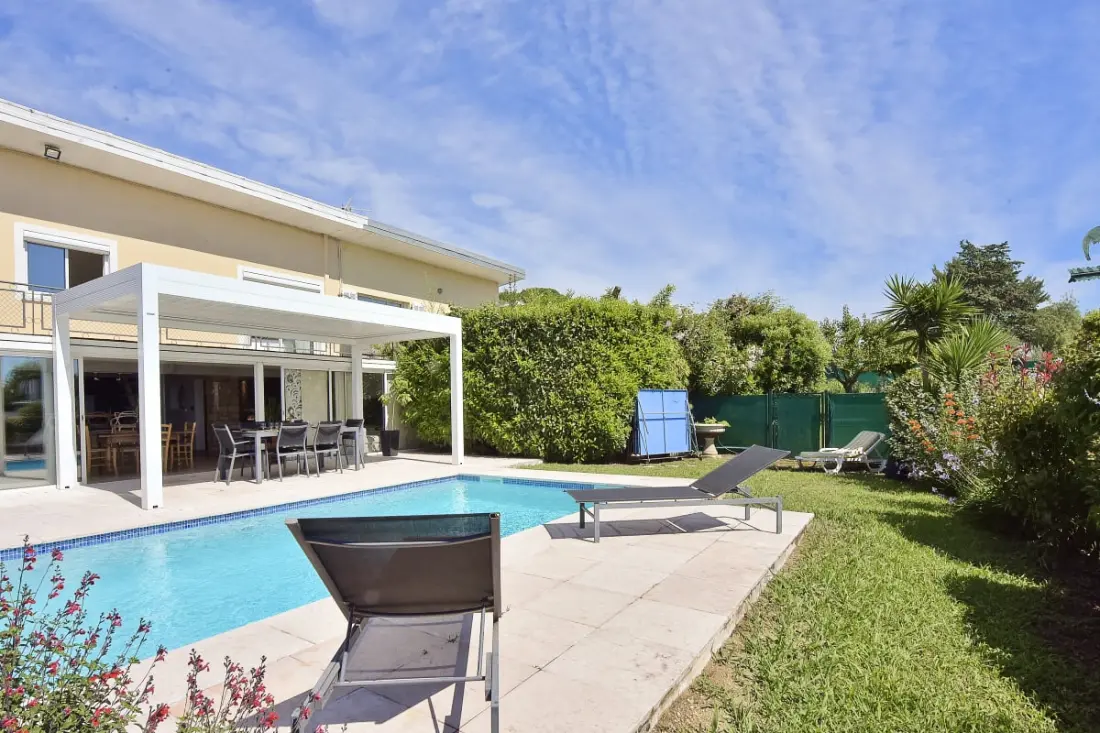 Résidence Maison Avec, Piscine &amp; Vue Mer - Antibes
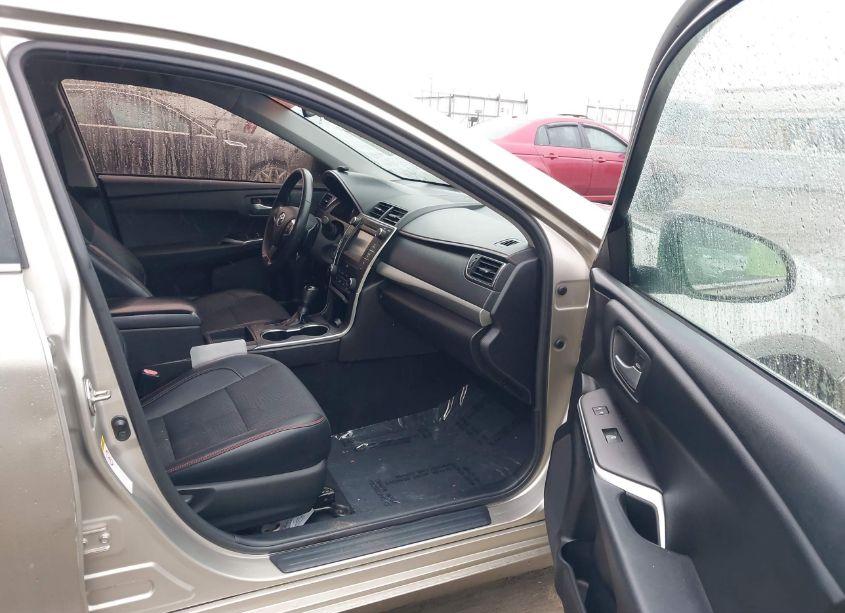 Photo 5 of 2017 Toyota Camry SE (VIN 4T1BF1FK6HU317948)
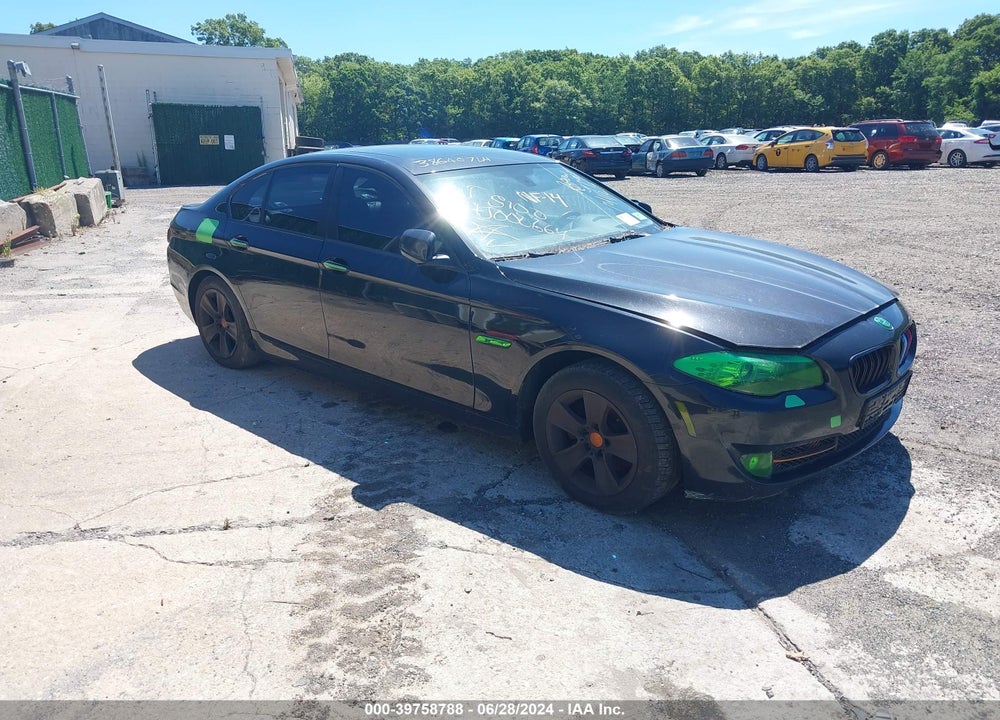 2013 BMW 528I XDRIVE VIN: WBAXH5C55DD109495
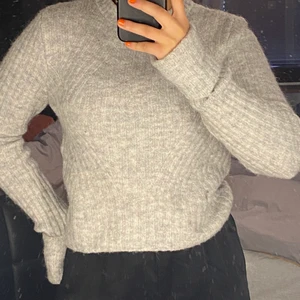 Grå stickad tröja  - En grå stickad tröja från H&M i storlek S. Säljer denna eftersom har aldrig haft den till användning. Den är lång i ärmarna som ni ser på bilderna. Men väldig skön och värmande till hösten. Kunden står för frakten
===
### Goal of the exercise
Nothing should appear in the answer except the lines from the one containing "2013 BMW 528I XDRIVE VIN: WBAXH5C55DD109495" through the last line of the listing, given again exactly and with no pictures.

### Solution to the exercise
 2013 BMW 528I XDRIVE VIN: WBAXH5C55DD109495
 Grå stickad tröja  - En grå stickad tröja från H&M i storlek S. Säljer denna eftersom har aldrig haft den till användning. Den är lång i ärmarna som ni ser på bilderna. Men väldig skön och värmande till hösten. Kunden står för frakten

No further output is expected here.